Il reprend pour lire les derniers rebondissement, une première analyse qu’il avait produite en 2013 soulignant à quel point Facebook ne pourrait jamais se trouver en monopole sur les réseaux sociaux compte tenu de leur essence protéiforme :
Thomson à présent souligne que les règles ont changé (notamment après le passage de Tiktok). L’enjeu n’est plus de distribuer les contenus appréciés par ses proches, mais plutôt le fait d’attirer sur son réseau une multitude de créateurs de contenus qui vont par leur abondance trouver leur public, les réseaux deviennent de gigantesques salles de test :
Mobile, though, is defined by the Internet, which is to say it is defined by abundance…So it is on TikTok, or any other app with user-generated content.

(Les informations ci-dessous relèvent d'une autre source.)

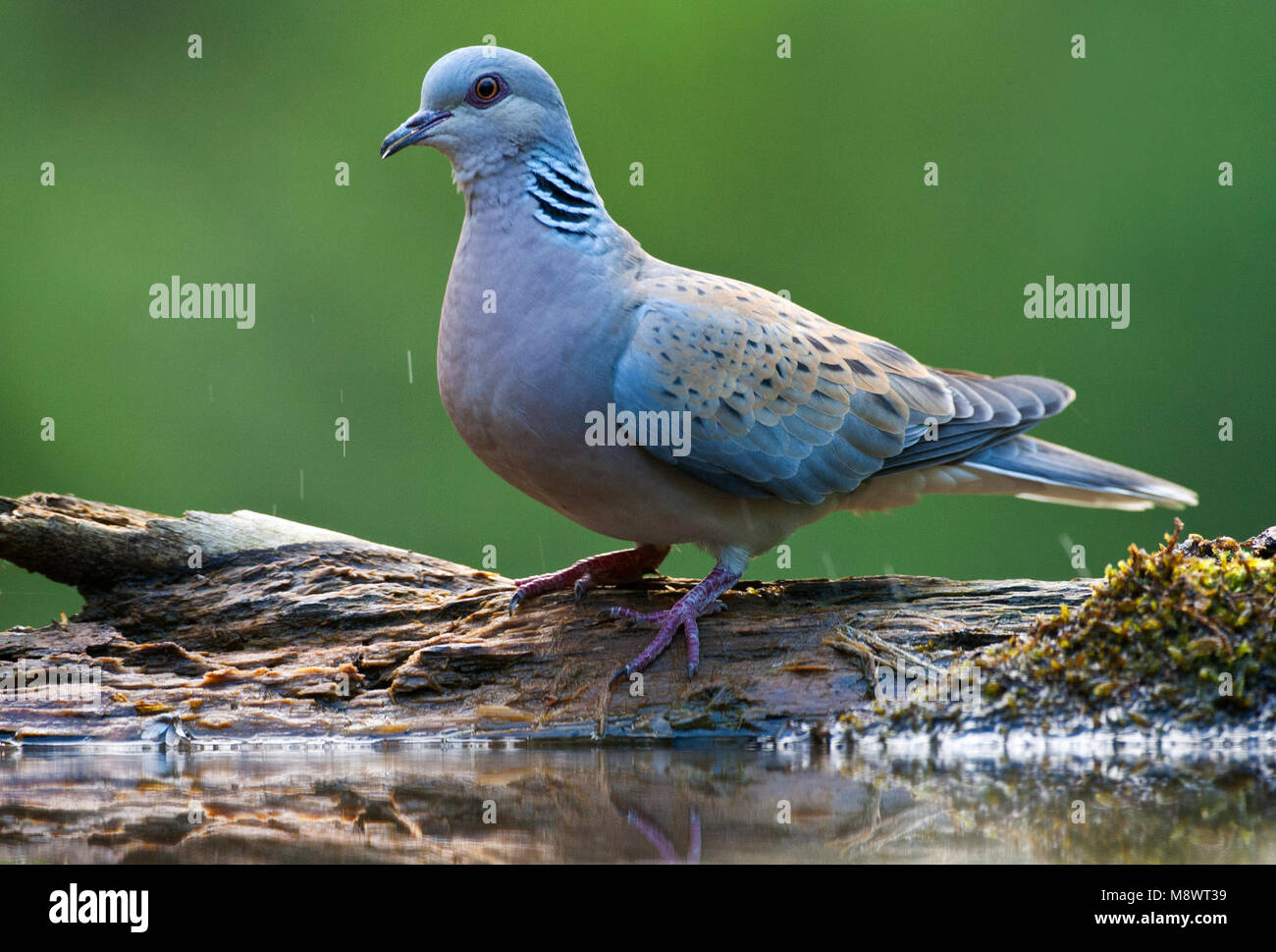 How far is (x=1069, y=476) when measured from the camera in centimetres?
494

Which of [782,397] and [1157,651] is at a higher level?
[782,397]

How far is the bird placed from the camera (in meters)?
4.18

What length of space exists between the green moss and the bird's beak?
2610mm

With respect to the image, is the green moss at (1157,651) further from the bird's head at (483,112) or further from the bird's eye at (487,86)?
the bird's eye at (487,86)

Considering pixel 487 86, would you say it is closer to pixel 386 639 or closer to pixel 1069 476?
pixel 386 639

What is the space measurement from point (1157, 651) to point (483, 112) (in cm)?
281

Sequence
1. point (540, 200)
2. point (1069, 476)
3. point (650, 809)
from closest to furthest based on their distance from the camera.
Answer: point (650, 809), point (540, 200), point (1069, 476)

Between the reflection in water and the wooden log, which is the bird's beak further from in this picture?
the reflection in water

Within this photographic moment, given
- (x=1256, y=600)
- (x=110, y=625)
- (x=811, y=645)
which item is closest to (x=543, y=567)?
(x=110, y=625)

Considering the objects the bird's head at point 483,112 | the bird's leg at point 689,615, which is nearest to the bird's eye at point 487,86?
the bird's head at point 483,112

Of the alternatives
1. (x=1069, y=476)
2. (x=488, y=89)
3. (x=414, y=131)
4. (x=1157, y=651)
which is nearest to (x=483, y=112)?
(x=488, y=89)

The goal is not to pick out the hits, but rather to attract as much content as possible, and then algorithmically boost whatever turns out to be good.
Sa cartographie initiale deviendrait donc en 2023 la suivante :
My new vertical axis is user-generated content, by which I mean content across the network, versus network-generated content, by which I mean content from the people you choose to follow.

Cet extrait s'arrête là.